Выбрать главу

Народ в народе, народ над народом

По основной версии, слово «шляхта» происходит от старонемецкого Geschlecht — «клан», «род», но исторически сложилось так, что называют им только польское дворянство и созданное по его образцу литовское. Сословие это было исключительным по силе — нигде более «благородный» класс не достигал такого могущества и численности. В XVII столетии — в золотой век Речи Посполитой — он составлял около 10% населения, в то время как в остальной Европе дворяне едва «дотягивали» до 2%. Причем влияние шляхты со временем только возрастало — польские короли один за другим одаривали ее все новыми привилегиями. По Артикулам 1573 года монархи навсегда лишались права передавать престол по наследству, обязывались созывать сейм по меньшей мере раз в два года, а без его согласия не учреждать новых налогов и не объявлять войн.

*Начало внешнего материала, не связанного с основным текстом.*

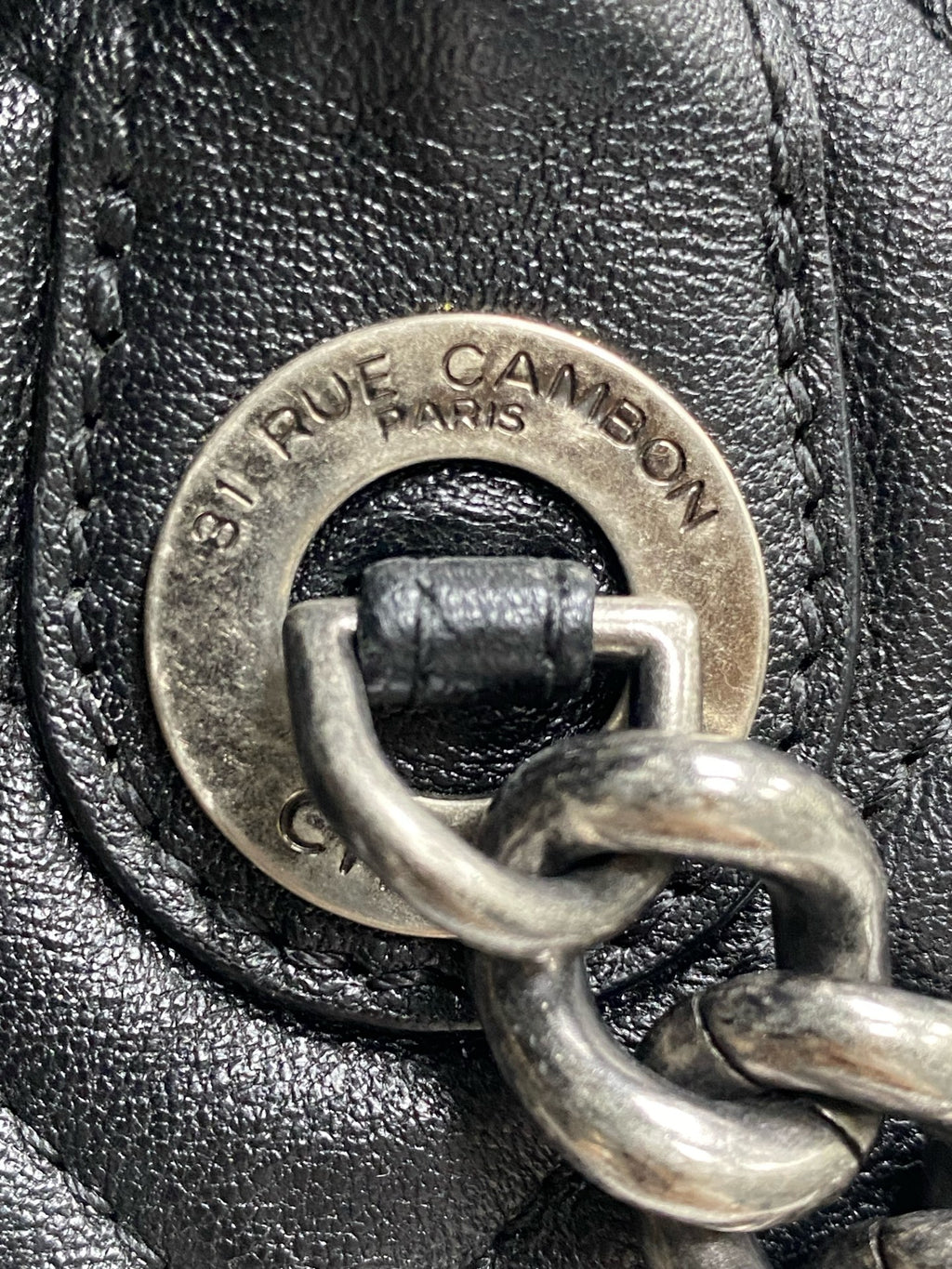 Chanel Metal Silver Tote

Таким образом, постепенно власть в стране перешла к аристократическому парламенту. Но к XVIII столетию он фактически потерял дееспособность благодаря принципу liberum veto, позволявшему любому шляхтичу заблокировать любое решение. «Золотая вольность» несла в себе семена собственного упадка. Дело, как известно, закончилось утратой национальной независимости и тремя разделами Польши.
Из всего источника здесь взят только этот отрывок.